Work order: Starting at the first line of the material below and stopping after the line that includes "Frozen Princess cinderella Run icon", write the lines out again exactly. Drop any pictures.

Collected material:
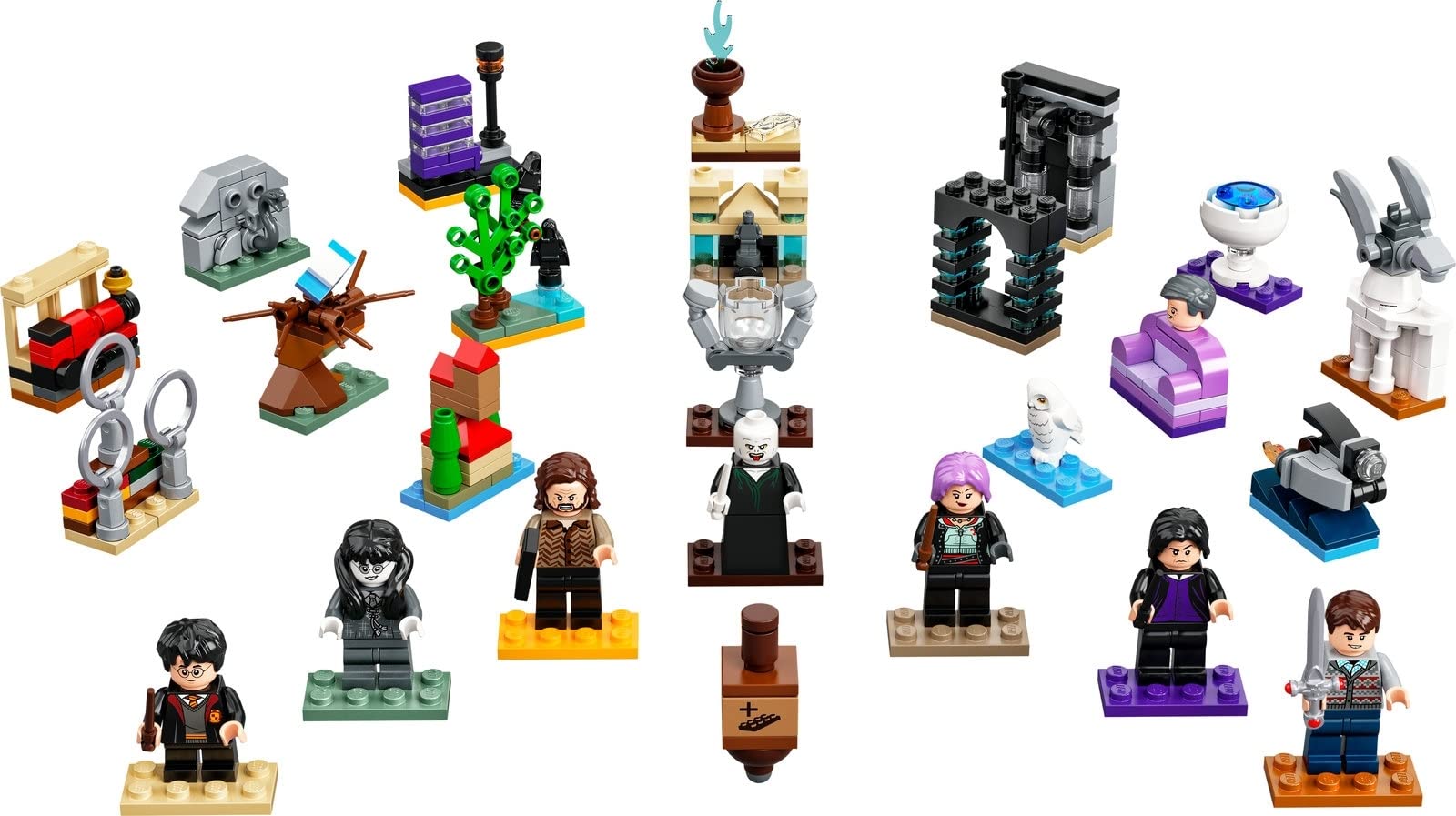 Lego Lot de 2 calendriers de l'Avent 2022 et 75981 Harry Potter 76404 Harry Potter 2020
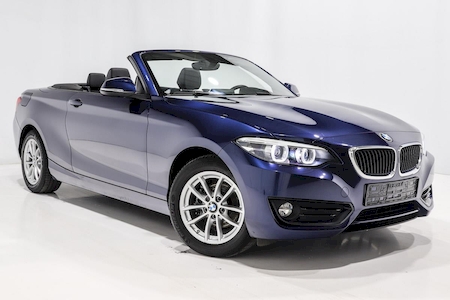 BMW SERIE 2 CABRIOLET 218 I 136 CV LOUNGE BV6    ************* 1 ERE MAIN AVEC 47553 KMS *********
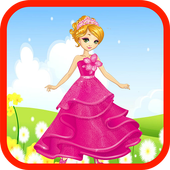 Frozen Princess cinderella Run icon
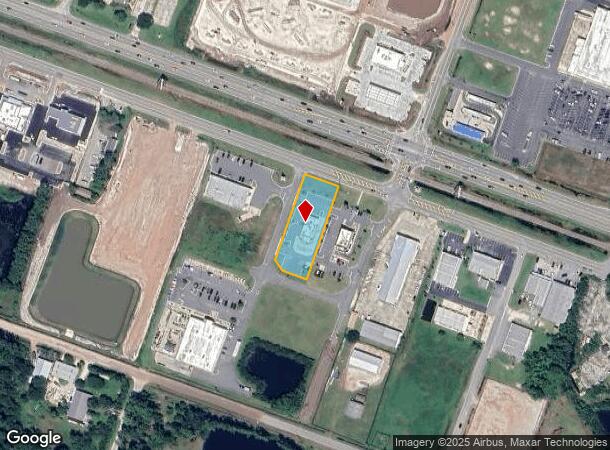  1586 Boone St, Kingsland, GA Parcel Map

Final answer:
 Lego Lot de 2 calendriers de l'Avent 2022 et 75981 Harry Potter 76404 Harry Potter 2020
 BMW SERIE 2 CABRIOLET 218 I 136 CV LOUNGE BV6    ************* 1 ERE MAIN AVEC 47553 KMS *********
 Frozen Princess cinderella Run icon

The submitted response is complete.